Exhausted by prior authorization. Exhausted by endless documentation. Exhausted by fragmented care. Exhausted by the growing sense that they are being held accountable for outcomes they often do not control.

Beneath all of this frustration lies a deeper structural problem: most physicians in America lack both the authority and the incentives to truly manage the total cost and quality of care for patients over time.
They are blamed for costs they do not control.
Measured on outcomes they often cannot influence.
And trapped inside payment systems that reward activity more reliably than prevention.

There is, however, one region of the country where healthcare evolved differently.

For decades, Southern California quietly developed one of the most sophisticated—and least understood—healthcare delivery models in America: the delegated model of care.
Though rarely discussed in national policy debates, the delegated model fundamentally reshaped the relationship between physicians, insurers, and patients across much of California. It helped produce some of the country’s most advanced population health organizations, some of the earliest large-scale experiments in value-based care, and a generation of physician operators who learned not merely how to practice medicine, but how to redesign healthcare delivery itself.

The model emerged from California’s HMO ecosystem and operated on a deceptively simple idea: move financial responsibility and operational control closer to physicians themselves.

Instead of health plans tightly controlling every utilization decision, physician organizations—medical groups and independent practice associations—accepted prospective payments (usually as a high % of a health plan’s premium revenue) and assumed responsibility for managing the care of entire patient populations. In many arrangements, they were delegated not simply financial risk, but substantial operational authority including utilization management, specialty referral oversight, chronic disease management, care coordination, and in some cases claims payment functions themselves.

This changed everything.

In most of the country, value-based care evolved as a contractual overlay administered largely by insurers. Physicians remained operationally dependent on fragmented fee-for-service infrastructure while being offered incentives tied to quality scores, shared savings calculations, or limited downside risk.

California’s delegated model evolved differently.

It shifted not only financial accountability, but substantial operational authority, into physician organizations themselves.

That distinction mattered enormously.

In fee-for-service medicine, a physician can prevent unnecessary hospitalizations, coordinate care beautifully, reduce complications, and improve outcomes—and much of the economic benefit accrues elsewhere. Often to the insurer.

Under delegation, physicians and medical groups directly experienced the consequences of better coordination and prevention. Savings generated from avoiding unnecessary admissions, redundant testing, poorly managed chronic disease, and fragmented care could be reinvested directly into patient care infrastructure itself.

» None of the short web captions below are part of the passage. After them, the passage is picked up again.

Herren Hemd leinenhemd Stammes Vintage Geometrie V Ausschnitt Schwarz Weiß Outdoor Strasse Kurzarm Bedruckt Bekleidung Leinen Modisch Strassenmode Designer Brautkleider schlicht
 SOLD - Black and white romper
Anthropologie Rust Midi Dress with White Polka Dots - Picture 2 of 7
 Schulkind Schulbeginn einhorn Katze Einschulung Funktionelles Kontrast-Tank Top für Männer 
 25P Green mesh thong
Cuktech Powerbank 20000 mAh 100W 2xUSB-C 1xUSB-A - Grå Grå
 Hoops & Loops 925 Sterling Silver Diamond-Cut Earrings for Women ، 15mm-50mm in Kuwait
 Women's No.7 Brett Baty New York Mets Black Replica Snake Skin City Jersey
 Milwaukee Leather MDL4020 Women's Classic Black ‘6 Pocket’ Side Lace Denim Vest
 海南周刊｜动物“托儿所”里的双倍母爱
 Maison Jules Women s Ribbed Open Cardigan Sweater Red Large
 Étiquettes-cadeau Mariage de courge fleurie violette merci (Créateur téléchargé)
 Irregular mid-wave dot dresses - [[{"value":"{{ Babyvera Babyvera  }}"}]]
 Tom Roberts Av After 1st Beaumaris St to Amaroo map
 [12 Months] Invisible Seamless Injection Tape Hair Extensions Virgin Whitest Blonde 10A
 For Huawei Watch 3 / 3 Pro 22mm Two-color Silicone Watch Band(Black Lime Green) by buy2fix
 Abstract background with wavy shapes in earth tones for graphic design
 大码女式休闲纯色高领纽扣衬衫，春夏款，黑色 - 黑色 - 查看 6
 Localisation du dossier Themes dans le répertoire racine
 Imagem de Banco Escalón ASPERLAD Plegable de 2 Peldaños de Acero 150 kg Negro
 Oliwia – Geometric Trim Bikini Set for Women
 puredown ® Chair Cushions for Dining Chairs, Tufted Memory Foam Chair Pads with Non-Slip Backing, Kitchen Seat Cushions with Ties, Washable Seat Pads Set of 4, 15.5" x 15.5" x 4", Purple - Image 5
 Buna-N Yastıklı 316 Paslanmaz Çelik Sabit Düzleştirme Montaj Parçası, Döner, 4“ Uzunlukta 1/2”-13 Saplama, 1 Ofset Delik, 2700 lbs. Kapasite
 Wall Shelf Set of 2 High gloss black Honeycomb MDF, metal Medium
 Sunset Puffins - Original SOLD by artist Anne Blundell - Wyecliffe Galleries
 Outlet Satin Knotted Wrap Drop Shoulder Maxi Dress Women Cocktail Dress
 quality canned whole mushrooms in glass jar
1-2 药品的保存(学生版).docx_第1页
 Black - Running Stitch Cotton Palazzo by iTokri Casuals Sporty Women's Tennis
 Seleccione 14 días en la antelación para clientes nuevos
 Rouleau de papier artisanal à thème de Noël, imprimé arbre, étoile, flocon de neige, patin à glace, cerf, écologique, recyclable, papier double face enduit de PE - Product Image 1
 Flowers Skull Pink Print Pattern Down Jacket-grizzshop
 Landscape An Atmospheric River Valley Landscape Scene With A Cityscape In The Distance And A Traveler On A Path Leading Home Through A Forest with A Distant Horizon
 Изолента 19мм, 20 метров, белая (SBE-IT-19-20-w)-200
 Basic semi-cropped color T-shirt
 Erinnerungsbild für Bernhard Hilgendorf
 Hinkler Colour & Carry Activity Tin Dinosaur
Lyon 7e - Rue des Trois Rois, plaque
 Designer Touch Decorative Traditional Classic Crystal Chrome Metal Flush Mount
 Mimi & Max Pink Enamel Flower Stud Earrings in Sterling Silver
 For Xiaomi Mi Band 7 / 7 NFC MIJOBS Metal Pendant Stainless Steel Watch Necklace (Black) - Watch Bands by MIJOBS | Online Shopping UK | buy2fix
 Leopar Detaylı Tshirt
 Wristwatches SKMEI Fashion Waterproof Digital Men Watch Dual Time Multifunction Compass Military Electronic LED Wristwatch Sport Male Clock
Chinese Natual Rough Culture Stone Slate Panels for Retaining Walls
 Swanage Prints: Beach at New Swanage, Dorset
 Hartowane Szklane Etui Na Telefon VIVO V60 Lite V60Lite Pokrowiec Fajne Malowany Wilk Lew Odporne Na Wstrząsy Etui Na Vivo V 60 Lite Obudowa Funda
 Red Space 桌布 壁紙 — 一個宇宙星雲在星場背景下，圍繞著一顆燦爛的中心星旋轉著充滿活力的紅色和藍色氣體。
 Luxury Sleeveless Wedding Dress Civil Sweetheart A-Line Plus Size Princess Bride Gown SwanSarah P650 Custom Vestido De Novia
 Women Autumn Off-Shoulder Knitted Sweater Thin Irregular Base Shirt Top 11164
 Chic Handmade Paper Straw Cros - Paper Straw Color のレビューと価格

This created incentives that largely do not exist in traditional American healthcare.

It is one reason Southern California became an incubator for some of the country’s most innovative care delivery organizations.

Although California became the most mature and visible example of delegation, elements of the model spread selectively into markets including Nevada, Arizona, Texas, New Mexico, Washington, and parts of the broader Southwest and Pacific Northwest. But nowhere did delegation become as deeply embedded into the healthcare delivery infrastructure as it did in California, where physician organizations evolved into highly sophisticated population health operators with substantial operational autonomy.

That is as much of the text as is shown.